Overview
The GCC’s renewable energy transition presents a fascinating paradox: the world’s largest oil and gas producers are also investing billions in solar, wind, green hydrogen, and nuclear energy. Motivations include freeing up hydrocarbons for export by reducing domestic energy consumption, diversifying energy sources, meeting climate commitments, and positioning for a post-fossil-fuel economy. Progress varies significantly across member states, with some leading global benchmarks and others lagging.
Oman’s Position
Oman’s renewable energy sector is at an inflection point. Historically, the Sultanate was a relative latecomer to Gulf renewables, with solar and wind capacity remaining minimal compared to conventional gas-fired generation. However, the green hydrogen strategy has catapulted Oman into global prominence. The planned green hydrogen projects at Duqm, Salalah, and other locations target production capacity of over one million tonnes per year by 2030. Separately, the Ibri II solar plant (500 MW) and Dhofar wind farm demonstrate growing conventional renewable capacity.
Regional Comparison
The UAE leads the GCC in deployed renewable capacity, with the Al Dhafra solar plant (2 GW), the Barakah nuclear plant (5.6 GW when fully operational), and the Masdar initiative establishing Abu Dhabi as a clean energy hub.
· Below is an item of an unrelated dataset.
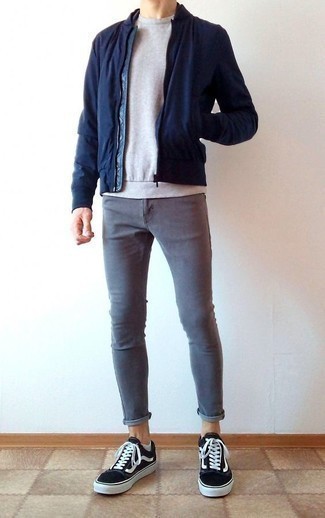 Quale sneakers basse indossare con jeans aderenti grigi: Potresti indossare un giubbotto bomber blu scuro e jeans aderenti grigi per vestirti casual. Ispirati all'eleganza di Luca Argentero e completa il tuo look con un paio di sneakers basse.
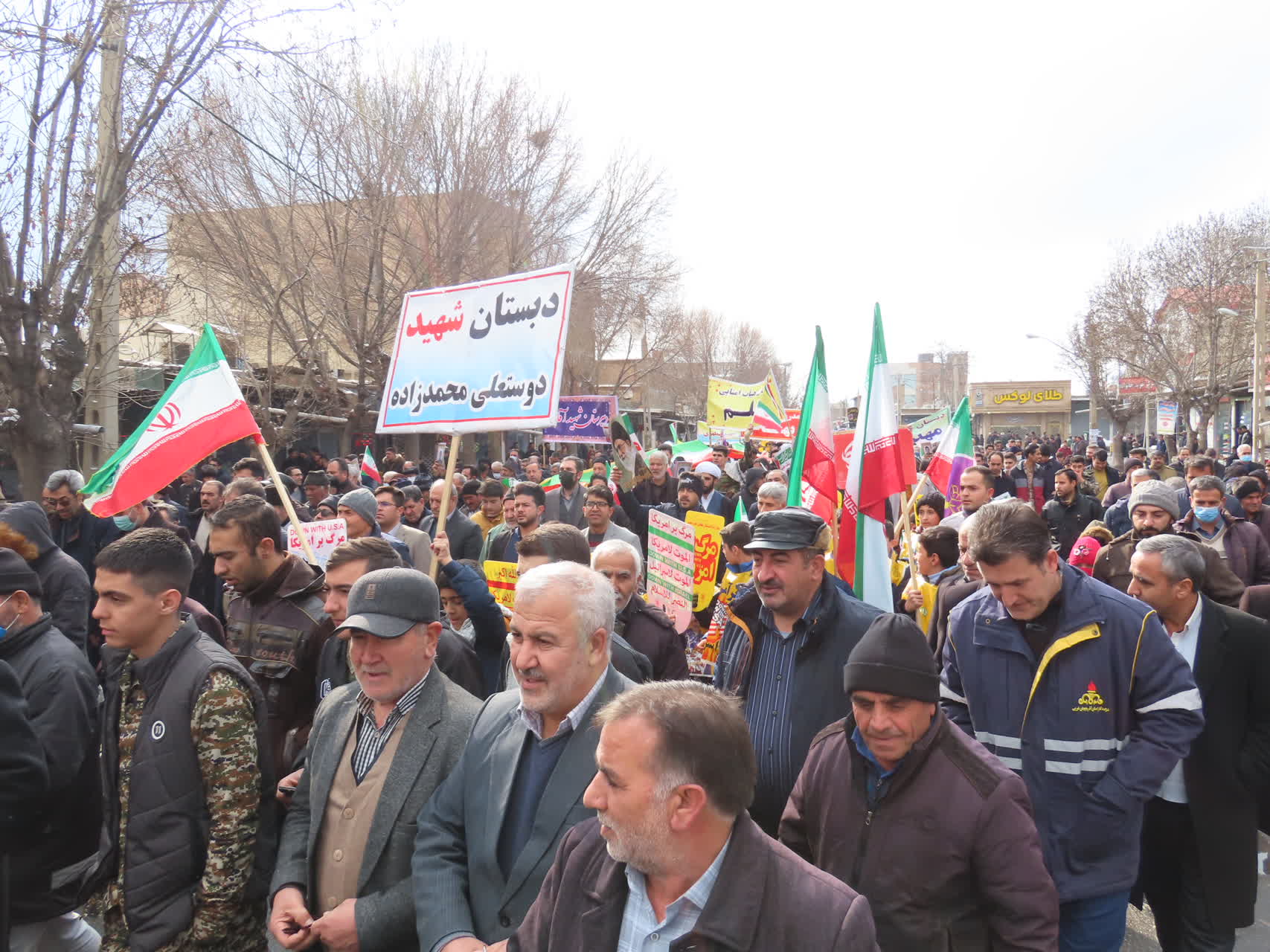 همزمان با سراسر کشور ، راهپیمایی یوم الله 22 بهمن مردم شهرستان چایپاره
Saudi Arabia has announced massive solar and wind ambitions under the National Renewable Energy Programme but deployment has lagged announcements. Qatar and Kuwait have modest programmes. Oman’s green hydrogen focus gives it a distinctive positioning – potentially the GCC’s leading green hydrogen exporter – though solar deployment trails the UAE and Saudi Arabia.
Trajectory
Oman’s Hydrogen Economy Strategy targets the Sultanate becoming a top-five global green hydrogen exporter by 2030. This ambition is supported by excellent solar irradiance, available land, strategic port access, and strong international partnerships (with companies like BP, Shell, ACME, and InterContinental Energy). The Alternative Energy Strategy targets 30 percent renewable electricity by 2030. Execution risk is significant given the infrastructure scale required, but the strategic commitment is clear and represents Oman’s most distinctive diversification play.